La espada en la palabra

Latinoamérica, lo que somos


Latinoamérica, la nuestra, es una paleta de colores vivos y un volcán en perpetua erupción. Se renueva constantemente y es la misma hace milenios. Cromatismo que inspira los mejores conceptos a los idealistas y cantera de la que se puede extraer los mejores retazos de piedra para construir una catedral inmensa, Latinoamérica contiene las potencias y saberes más hermosos y profundos de todas las latitudes y hemisferios.

Creamos en el pensamiento de Todorov: «Uno puede descubrir a los otros en uno mismo». Apliquémoslo. Quien dijo que esta tierra se halla aislada porque sus bosques aún transpiran vapor tibio y primitivo, o porque sus montañas no permiten construir carreteras y tranvías, o porque todavía no concibe del todo la lógica del historicismo lineal europeo, quien dijo eso, se equivoca. Latinoamérica es, ha sido y será por muchos siglos más un centro de inteligencia y movimiento, extraño para el investigador europeo, sí, pero con un porvenir de maravilla y un destello que solamente nosotros los nativos podremos entender.

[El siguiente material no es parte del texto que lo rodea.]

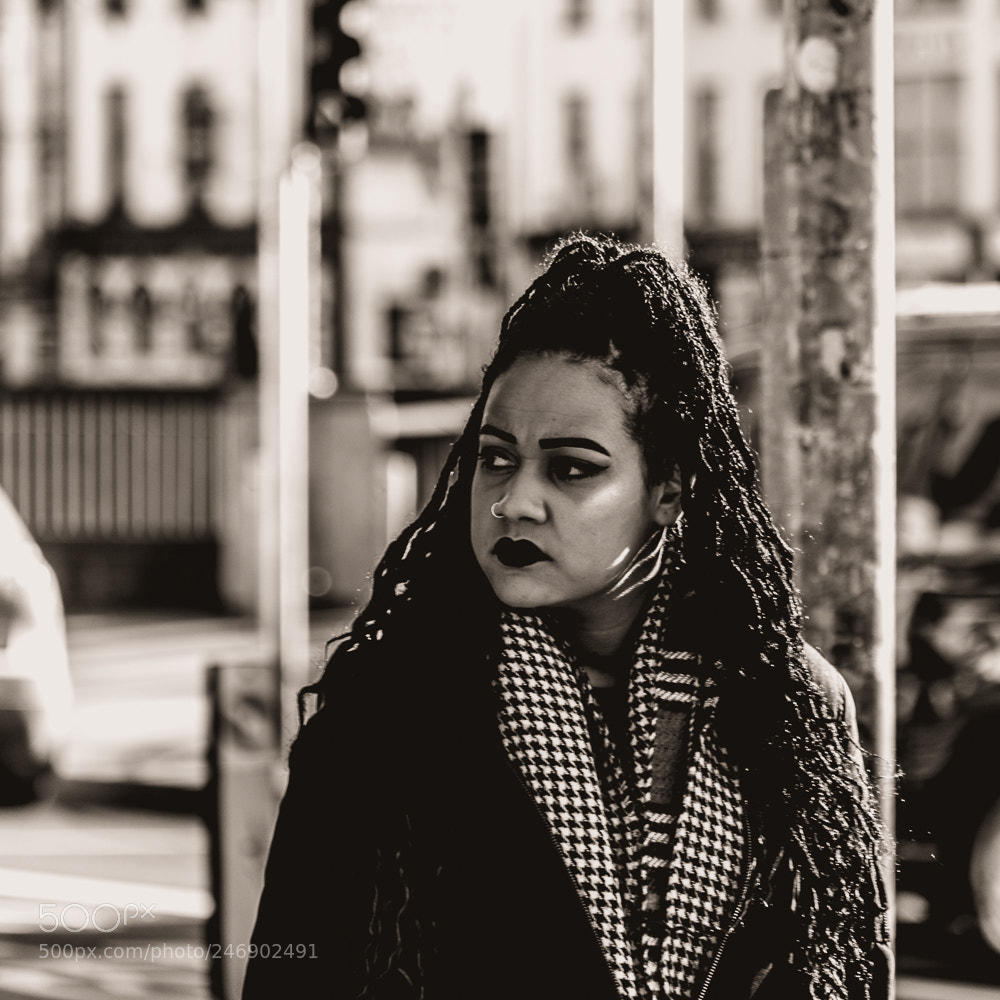 Nikon D5600 sample photo. Woman looking photography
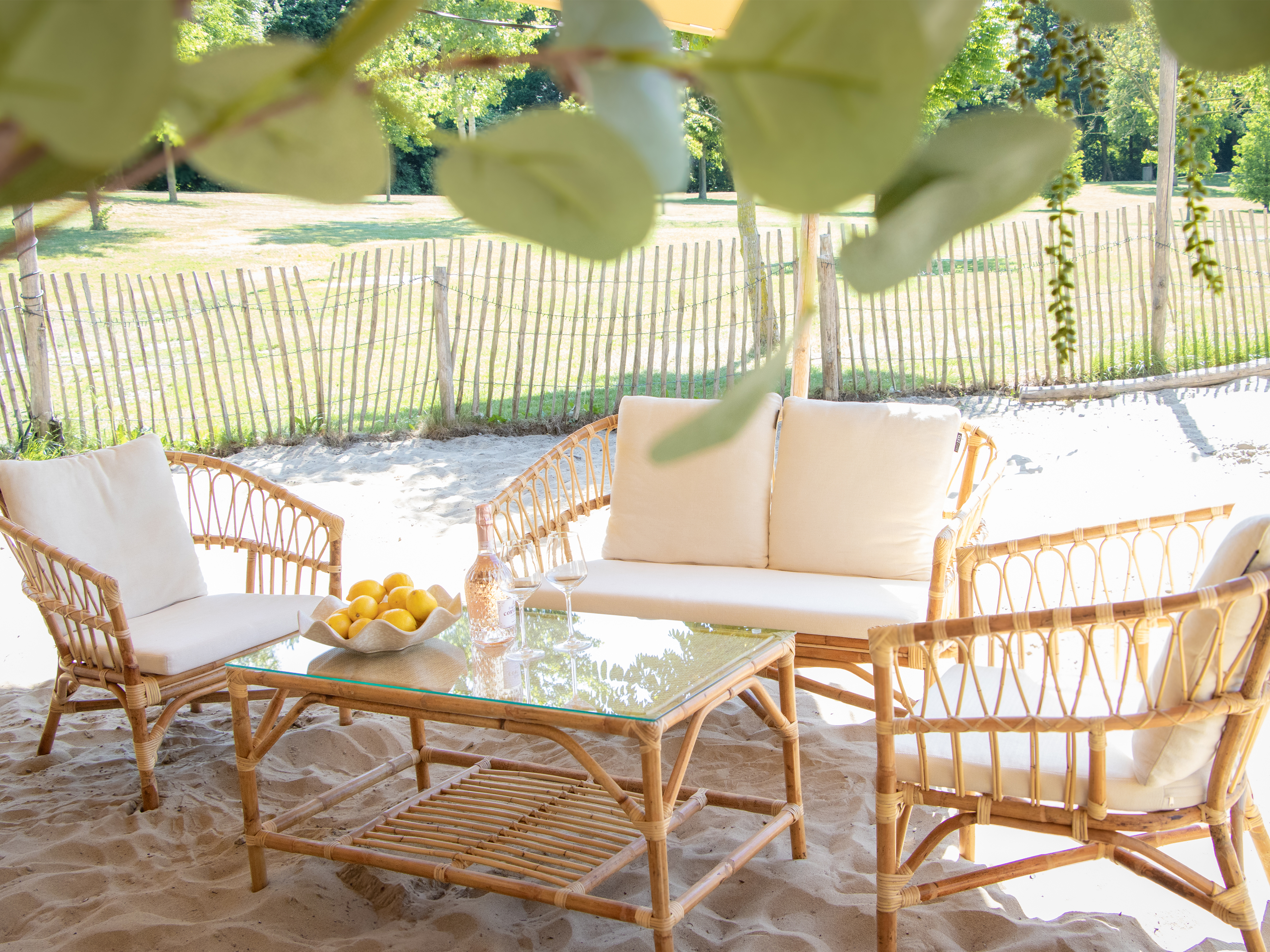 AXI Mary Rattan Lounge Set – 4-Piece with Sofa, Table, and 2 Chairs Natural/White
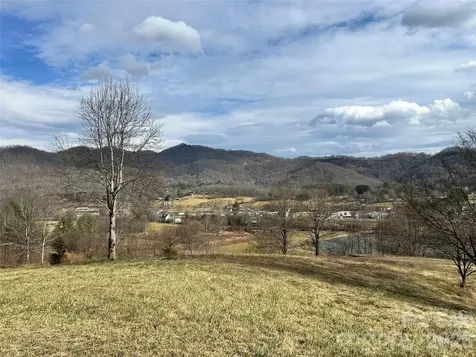 330 Potts Drive Waynesville NC 28785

Y es que es cierto. Latinoamérica, al ser centro de variados tipos sociales y culturales, es un espejo lustroso para que el sociólogo y el antropólogo vean y luego estudien la realidad de una identidad que hasta ahora no está bien definida por la academia y la teoría. Al vernos a nosotros mismos, como si además de personas fuésemos también un espejo o un oráculo para descifrar nuestro propio porvenir, podemos ver las miserias humanas más tremendas, como la realidad de un mundo hambriento de riqueza que penetró las entrañas de la tierra roja del Potosí hasta dejarla empobrecida, la angurria del político que copó por varios años la silla de mando y el rencor humano de los hombres públicos que se pusieron trabas entre ellos mismos. Pero también podemos subir hasta las más altas cotas de la virtud a las que pueden llegar el espíritu y el altruismo, si echamos ojo a la mano trabajadora de los que levantaron la economía de los nuevos Estados independientes, a la fuerza del campesino que respeta su tierra y la trabaja y a los escritores que erigieron un tipo nuevo de literatura que hace honor a la erección de los pueblos de esta América.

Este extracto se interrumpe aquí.